OpenGL 4.4 very slow - OpenGL 1.1 very fast - Performance Problem Quadro K4200/K2000

Are there any known issues with the Quadro K4200/2000 card running on Dell Precision Workstations (dual 8 core E5-2630 Xeon and single 6 core Xeons), WHQL 354.56 driver on Windows 10 that would cause the performance of OpenGL 4.4 to be much slower than the same identical data, displayed on OpenGL 1.1 on the same hardware? A similar problem has been observed on the GeForce 740M with WHQL 361.43 driver.

OpenGL 1.1 using the old, deprecated, client arrays is extremely fast. First update is in the range of 0.32 sec with subsequent updates on the same data in 0.04-0.09 sec. The code processes all data the same way on each update and does not cache any display data. With OpenGL 1.1, the video card appears to be caching triangles in the GPU after the first update. OpenGL 4.4 performance appears gated and is 5-10 times slower, typically OpenGL 4.4 display times are in the 0.93-1.25 sec per update, each update takes about the same amount of time in OGL 4.4.

The same data run on the HP Envy notebook (i7 4900HQ) with a GeForce 740M card with the 361.43 driver Win 10, using OGL 4.4 is 2-3x faster than the Quadro K4200M card at between 0.46-0.62 sec. Similarly the update time on the HP notebook using OGL 1.1 is much faster. After the first update the update time is in the 0.04-0.12 sec range.
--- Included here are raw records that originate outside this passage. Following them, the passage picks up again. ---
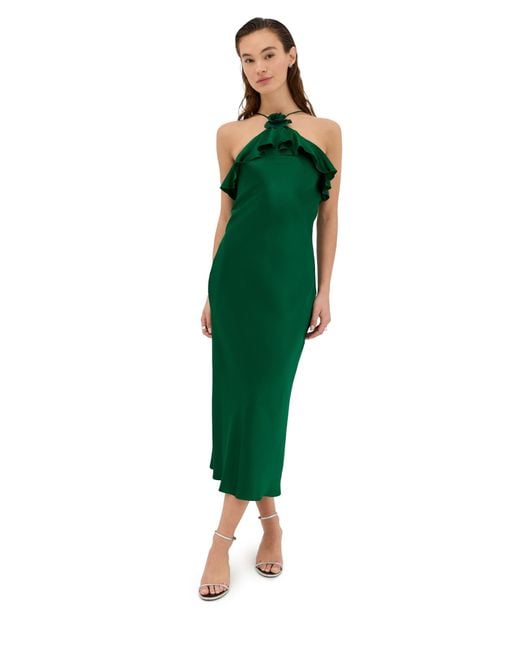 Rodarte Women's Green Silk Satin Bias Halter Slip Dress With Ruffle Detail  And Silk Flower - brass-copper-parts.com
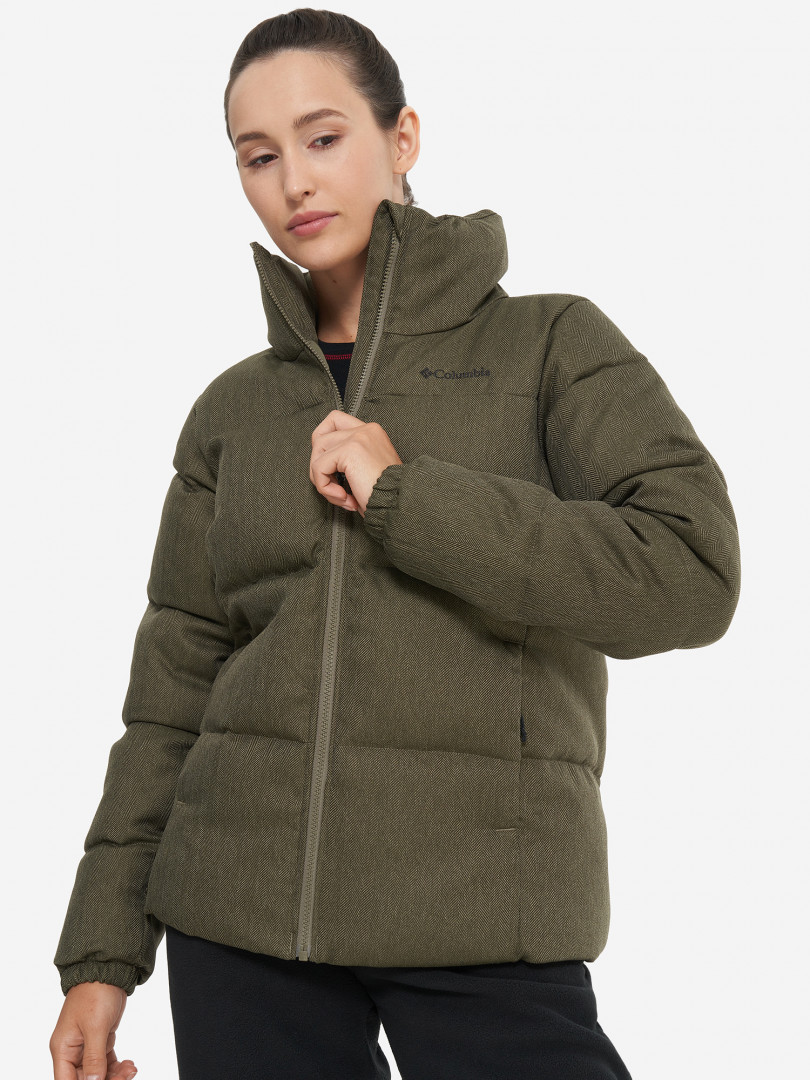 Пуховик женский Columbia Puffect Herringbone Jacket Зеленый 14999₽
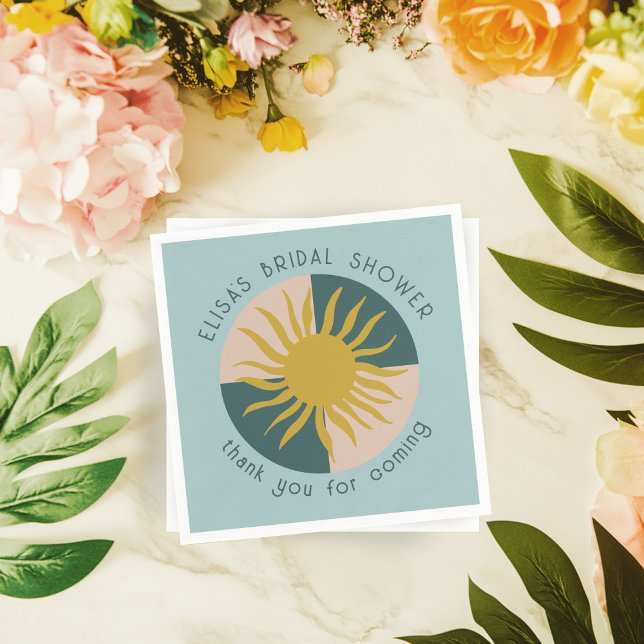 Servilleta De Papel Soiree Bridal Shower Moderna PERSONALIZADO Cute (Seaside Soiree Bridal Shower Modern Cute Sun Boho Beach CUSTOM Napkins
)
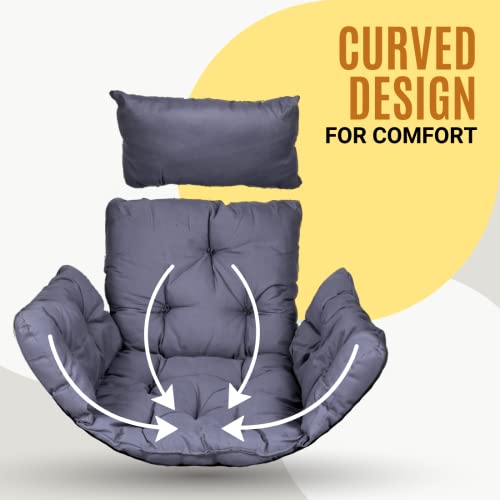 Image of SWINGZY Cushion for Hanging Basket Chair Swing /Outdoor Egg Swing Chair Soft Cushion /Jhula Seat Padded Pillow Cushion /Swing Chair Cushion with Polyester Cloth - (Grey)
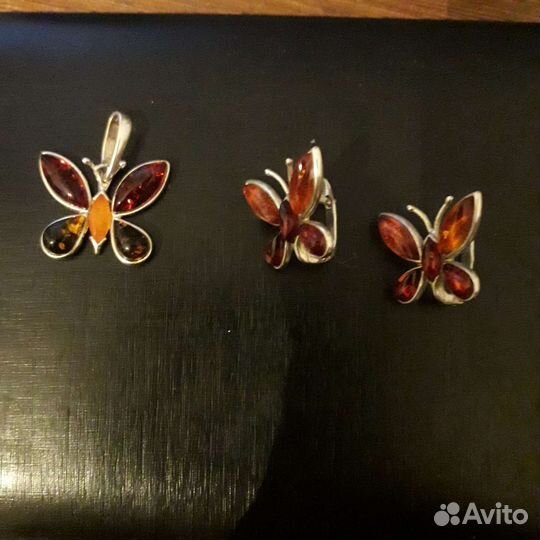 Серьги серебро с янтарем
Our application (x64) has just been ported from OpenGL 1.0 forward to a dual system using OpenGL 1.1 for legacy cards and OpenGL 4.4 for newer cards that can support persistent, coherent, pinned memory mapping through glMapBufferRange. Where possible on non-OpenGL calls, the 2 code paths are sharing commmon code. The 2 code paths are sharing common code for building buffers of data to display. The 2 versions of OpenGL very carefully follow separate paths where necessary to set up the correct OpenGL state for each version. No deprecated functions are being called in the OGL 4.4 code path. Simple, smooth shading with a single directional light and no material properties are being used.
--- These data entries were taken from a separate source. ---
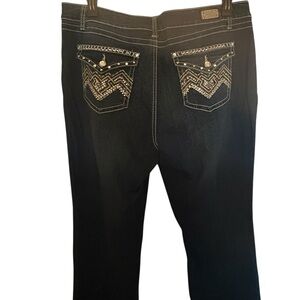 Earl Jeans Classic Blue Women's Slim Bootcut,  embellished back pockets, size 16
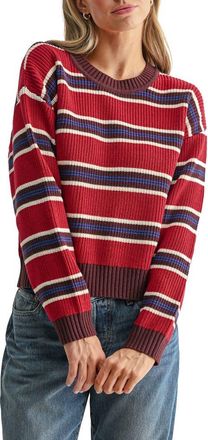 All in Favor Stripe Crewneck Sweater in Raspberry Multi Stripe at Nordstrom, Size X-Large
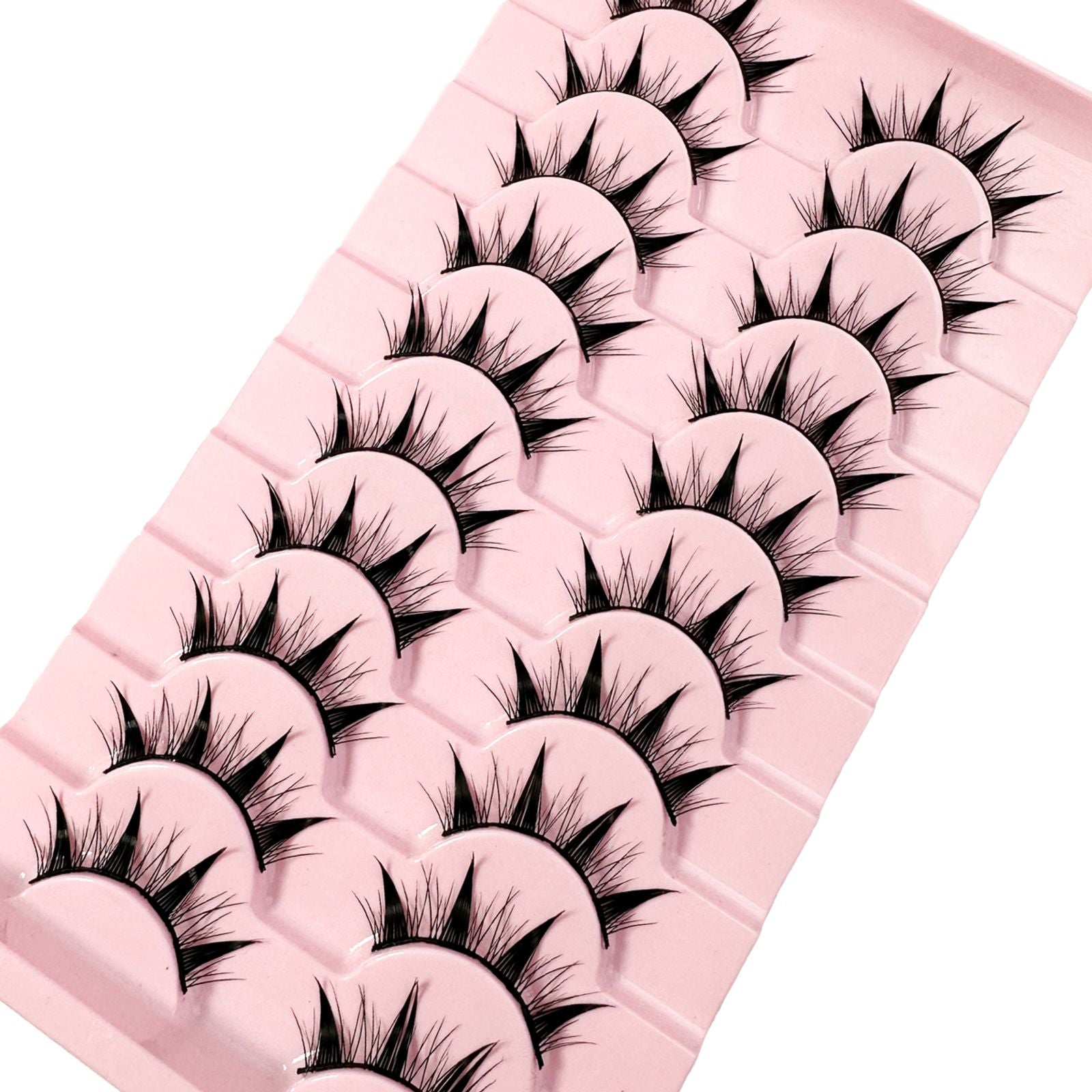 3D Cat Eye Faux Mink Lashes - 10 Pairs Natural & Fluffy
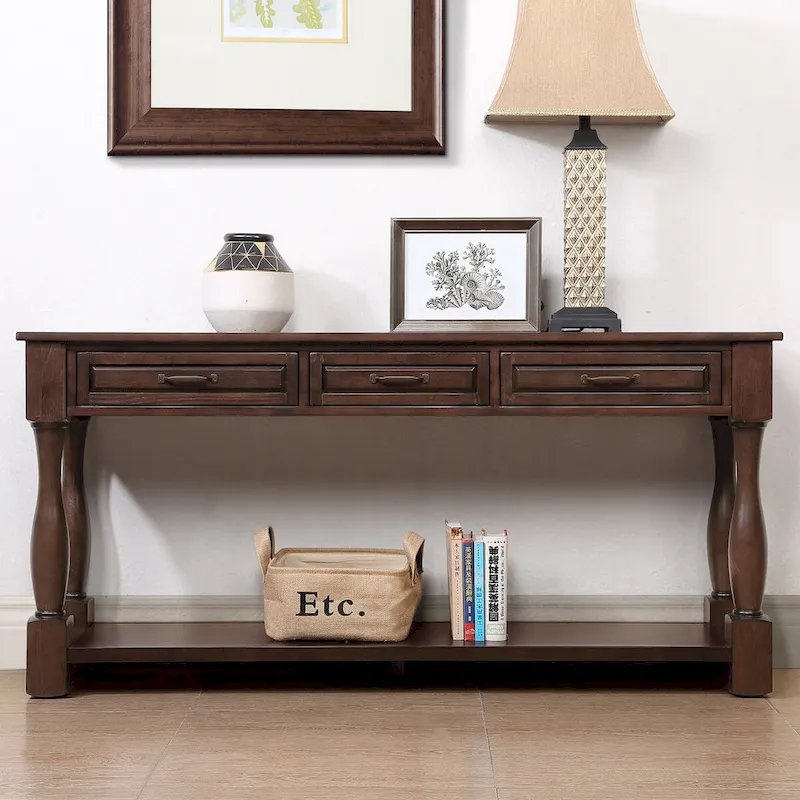 Solid Wood Console Table with 3 Drawers and Bottom Shelf - 63W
Unfortunately, nsight 5.0 doesn’t work on this app - it seems to have the same stability issues other users were reporting in November.
The Visual Studio 2015 profiler results are inconclusive and vary strangely depending on how the profiler is run (sampling, instrumented, run from exe project or one of the app’s dlls).

More details:

Both paths use the ARB create context, the compatability profile, and the same pixel format. Everything displays correctly and consistently on both versions.

Build Tools: Application Built with Visual Studion 2015 Update 1 - x64 build, MFC app with CodeJock, mostly single threaded at this point.

Systems have plenty of RAM 16GB to 32 GB - OS and app use ~6GB when running.

Screen Resolution: 1920x1080 (both workstations and HP notebook). Workstation has dual monitors, only displaying on one monitor.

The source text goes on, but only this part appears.